Here we will compile a list of results from each model to use in the remaining sections.

# insect results
insect.sig.gwa <- sig.GWA(insect.files) #no traits
instrait.sig.gwa <- sig.GWA(instrait.files) #with traits
# trait results
trait.sig05.gwa <- sig.GWA(trait.files,sig.lvl = .05)#.05 cutoff
trait.sig01.gwa <- sig.GWA(trait.files,sig.lvl = .01)#.01 cutoff
trait.sig005.gwa <- sig.GWA(trait.files,sig.lvl = .005)#.005 cutoff

indv.trait.gwa <- sig.GWA(files.list = Indv.trait.files, sig.lvl = .05)

covartrait.sig05.gwa <- sig.GWA(covartrait.files, sig.lvl = .05)
covartrait.sig01.gwa <- sig.GWA(covartrait.files, sig.lvl = .01)
# crosstrait.sig.gwa <- sig.GWA(grep( pattern = ".*(Sex|Flprev).*",x = crosstrait.files,value = T,invert = TRUE))
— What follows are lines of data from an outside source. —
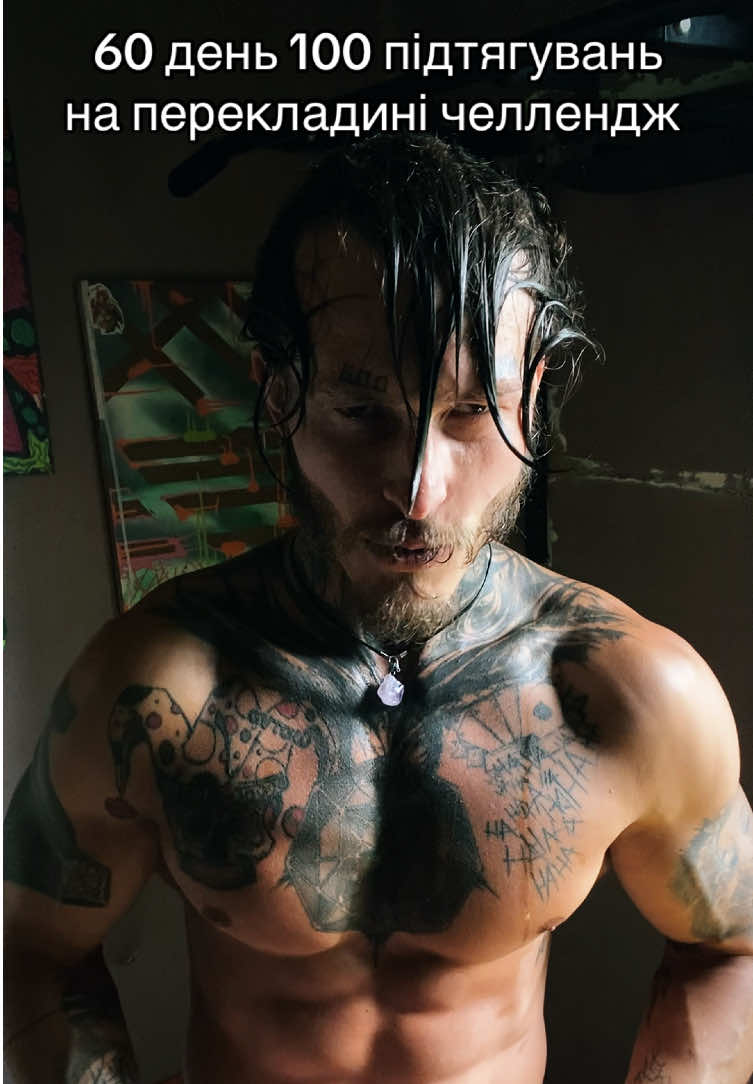 @Marchukan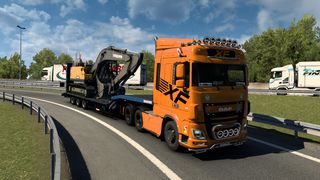 Image by urbanique75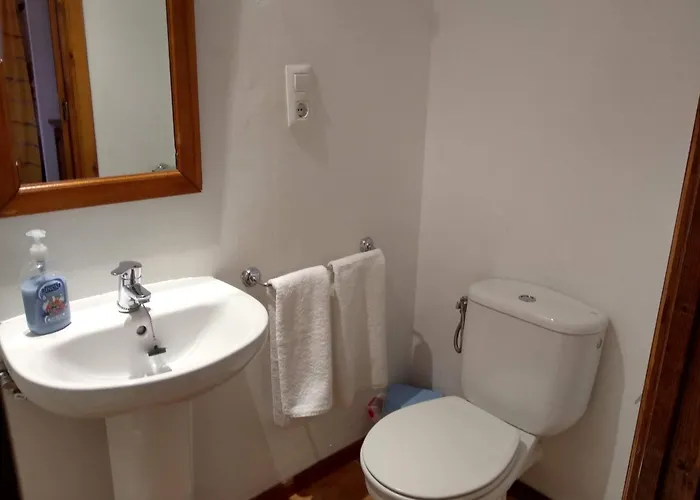 Fausto Cerca De Dinópolis Сasa de vacaciones *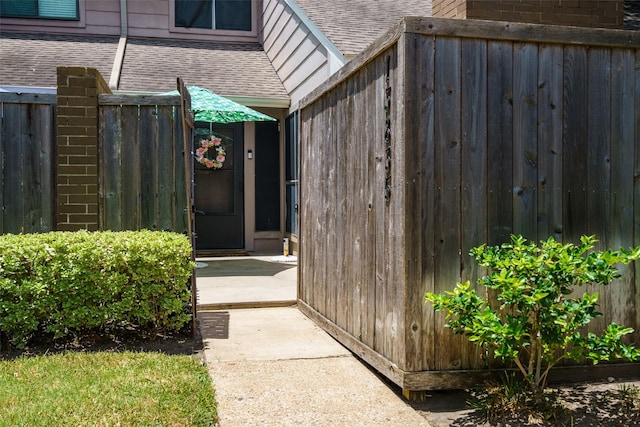 13835 Hollowgreen Dr, Houston, TX 77082 - photo 19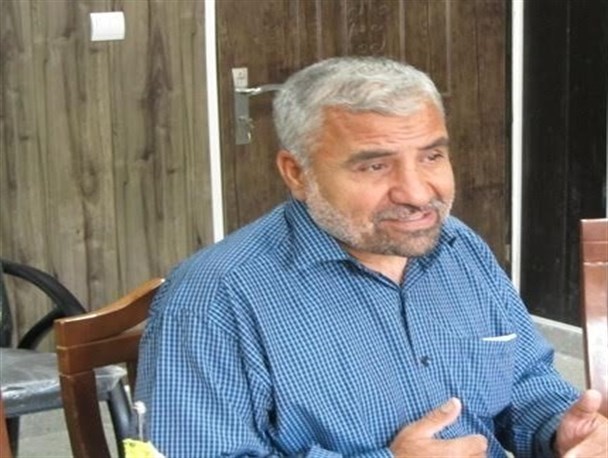 اعتبارنامه تاجگردون با زور و تهدید به جایی نمی‌رسد/ 8 سال جنگیدیم ولی از کسی نترسیدیم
diversity.sig05.gwa <- sig.GWA(diversity.files, sig.lvl = .05)

CrossNestIndv.GWA <- sig.GWA(CrossNestIndv.trait.files, sig.lvl = .05)
CompleteCross.GWA <- sig.GWA(CompleteCross.trait.files, sig.lvl = .05)
IndvCrossed.GWA <- sig.GWA(IndvCrossed.trait.files, sig.lvl = .05)

YearNest.GWA <- sig.GWA(YearNest.trait.files, sig.lvl = .05)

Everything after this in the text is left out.